Brief review of Ayaan Hirsi Ali’s Nomad

Ayaan Hirsi Ali tells many tales of her painful life growing up in and interacting with Islam in Arabian, African and European contexts. As one who has rejected Islam and belief in any god, she has become a full-fledged disciple of the Western Enlightenment. Her positive thesis is that “there are three institutions in Western society that could ease the transition into Western citizenship of these millions of nomads from the tribal cultures they are leaving. They are institutions that can compete with the agents of jihad for the hearts and minds of Muslims.”

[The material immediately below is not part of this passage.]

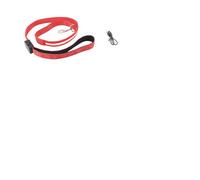 Taidda LED Pet Leash High Visibility USB Rechargeable Lighted 4FT Nylon Dog Leash for Night Walking, Comfortable Safety Glow in The Dark Pet Rope (Red)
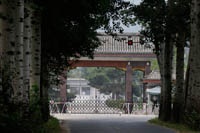 В Китае будут сажать за вранье в интернете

From my angle of interest, she is a staunch advocate of a more vigorous Christian encounter with Muslims who have moved to the West. She sees the church as the most powerful vehicle of modernization and rationalization, which in light of her experience is the only hope for Muslims held captive in darkness. The Christianity she advocated, however, is a “moderate,” Lockean version of the faith, mostly interiorized and reduced to “God is love.” I’m not convinced that there remains a significant segment of the church in the West that is (a) evangelistic, (b) committed deeply enough to sacrifice to reach Muslim immigrants, and (c) convinced that they OUGHT to reach Muslims. In my experience, most of the “moderate” Christians who are energetic in their faith are perfectly happy to say Islam is adequate for Muslims, and repulsed by the idea of trying to change someone’s religion.